In what’s either a sign of cunning or desperation, Theresa May revealed she will lead Brexit negotiations herself. The pound gained on the headline but the CAD and CHF remain the leaders in early US trade. So what to make of May pushing aside newly-installed Brexit negotiator Raab? He’s been relegated to preparing for a no-deal Brexit.
This is probably more about the internal squeeze than an external one. May has been in a constant battle with Brexit deputies while soft-and-hard Brexiteers push their agendas. David Davis seemingly used his platform to launch himself into the leadership conversation.

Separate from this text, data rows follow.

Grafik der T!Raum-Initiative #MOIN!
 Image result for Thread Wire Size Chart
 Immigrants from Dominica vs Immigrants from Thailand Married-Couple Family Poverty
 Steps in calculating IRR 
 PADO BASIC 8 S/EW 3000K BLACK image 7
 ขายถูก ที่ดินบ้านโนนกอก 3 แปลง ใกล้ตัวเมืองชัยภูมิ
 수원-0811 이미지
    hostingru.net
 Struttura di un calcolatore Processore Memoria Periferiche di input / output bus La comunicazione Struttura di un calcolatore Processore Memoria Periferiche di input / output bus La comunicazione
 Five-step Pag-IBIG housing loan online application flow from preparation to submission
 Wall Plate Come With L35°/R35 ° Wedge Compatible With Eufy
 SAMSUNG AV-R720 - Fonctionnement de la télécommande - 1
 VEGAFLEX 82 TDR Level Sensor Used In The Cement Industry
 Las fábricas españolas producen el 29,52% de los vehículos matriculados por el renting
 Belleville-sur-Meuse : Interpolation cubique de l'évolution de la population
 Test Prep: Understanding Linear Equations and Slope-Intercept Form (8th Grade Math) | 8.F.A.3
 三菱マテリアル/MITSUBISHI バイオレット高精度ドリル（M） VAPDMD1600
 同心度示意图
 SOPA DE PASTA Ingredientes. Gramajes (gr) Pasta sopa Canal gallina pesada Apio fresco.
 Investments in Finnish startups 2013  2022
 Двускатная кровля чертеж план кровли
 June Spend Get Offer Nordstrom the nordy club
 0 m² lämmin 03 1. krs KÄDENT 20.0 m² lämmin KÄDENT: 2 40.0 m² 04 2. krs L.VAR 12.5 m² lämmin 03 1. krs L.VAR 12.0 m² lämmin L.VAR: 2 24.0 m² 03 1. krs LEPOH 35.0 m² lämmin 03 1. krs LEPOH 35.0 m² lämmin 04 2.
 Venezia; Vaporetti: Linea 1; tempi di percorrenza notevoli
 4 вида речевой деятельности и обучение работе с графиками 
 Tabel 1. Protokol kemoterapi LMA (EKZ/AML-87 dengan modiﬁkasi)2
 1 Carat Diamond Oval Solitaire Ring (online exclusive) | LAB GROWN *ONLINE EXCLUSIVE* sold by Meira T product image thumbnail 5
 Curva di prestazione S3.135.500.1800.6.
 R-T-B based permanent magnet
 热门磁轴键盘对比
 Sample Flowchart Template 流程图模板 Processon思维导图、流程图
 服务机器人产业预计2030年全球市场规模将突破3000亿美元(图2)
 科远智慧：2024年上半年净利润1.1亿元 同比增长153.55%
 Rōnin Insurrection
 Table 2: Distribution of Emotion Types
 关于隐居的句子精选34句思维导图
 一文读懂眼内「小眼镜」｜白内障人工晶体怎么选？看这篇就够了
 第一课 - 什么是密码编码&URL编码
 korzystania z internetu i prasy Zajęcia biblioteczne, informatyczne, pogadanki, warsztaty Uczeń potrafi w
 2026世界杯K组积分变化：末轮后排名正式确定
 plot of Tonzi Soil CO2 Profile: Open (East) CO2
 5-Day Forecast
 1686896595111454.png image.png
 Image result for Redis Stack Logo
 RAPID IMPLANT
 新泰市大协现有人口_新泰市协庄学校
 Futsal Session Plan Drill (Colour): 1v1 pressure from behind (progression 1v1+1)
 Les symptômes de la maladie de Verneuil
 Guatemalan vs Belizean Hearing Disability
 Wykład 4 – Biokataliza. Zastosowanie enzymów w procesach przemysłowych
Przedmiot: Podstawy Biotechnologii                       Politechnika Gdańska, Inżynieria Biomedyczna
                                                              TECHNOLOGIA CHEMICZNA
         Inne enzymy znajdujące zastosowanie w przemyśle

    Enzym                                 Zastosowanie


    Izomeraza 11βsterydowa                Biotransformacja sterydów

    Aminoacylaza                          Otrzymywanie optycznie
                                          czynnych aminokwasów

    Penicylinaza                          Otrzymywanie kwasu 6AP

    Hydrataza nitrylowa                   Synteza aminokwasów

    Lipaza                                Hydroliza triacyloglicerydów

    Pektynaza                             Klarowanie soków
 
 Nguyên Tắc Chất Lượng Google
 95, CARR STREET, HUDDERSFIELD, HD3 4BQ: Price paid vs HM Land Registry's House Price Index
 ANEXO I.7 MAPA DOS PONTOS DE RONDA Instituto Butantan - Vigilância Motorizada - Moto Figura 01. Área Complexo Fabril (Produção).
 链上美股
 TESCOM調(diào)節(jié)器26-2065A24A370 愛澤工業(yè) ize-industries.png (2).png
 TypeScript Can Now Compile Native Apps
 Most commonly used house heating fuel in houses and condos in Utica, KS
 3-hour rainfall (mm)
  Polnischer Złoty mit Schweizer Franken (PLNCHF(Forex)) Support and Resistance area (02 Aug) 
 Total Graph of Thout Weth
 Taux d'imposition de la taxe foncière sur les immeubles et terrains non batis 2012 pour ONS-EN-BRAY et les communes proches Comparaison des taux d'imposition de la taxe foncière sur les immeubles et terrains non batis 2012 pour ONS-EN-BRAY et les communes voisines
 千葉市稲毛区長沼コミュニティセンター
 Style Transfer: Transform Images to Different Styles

For her, this cuts out the middle man, enabling her to negotiate the deal, which could define her.
By streamlining the process, May could reach a more timely agreement with the EU. Time is not on her side as she also must avoid possibilities of an internal rebellion and the risk of a confidence vote. If she stumbles, a collapse in her support isn’t necessarily a bad thing because it may lead to a softer Brexit, or even another referendum. That’s a GBP-positive.
Overnight, Aussie Q2 CPI rose from 1.9% y/y to 2.1% y/y but below expectations of 2.2% y/y. The RBA is seen sidelined for a long period, while the Aussie remains dragged across the board by the declining Chinese yuan and the impact of China’s delevraging.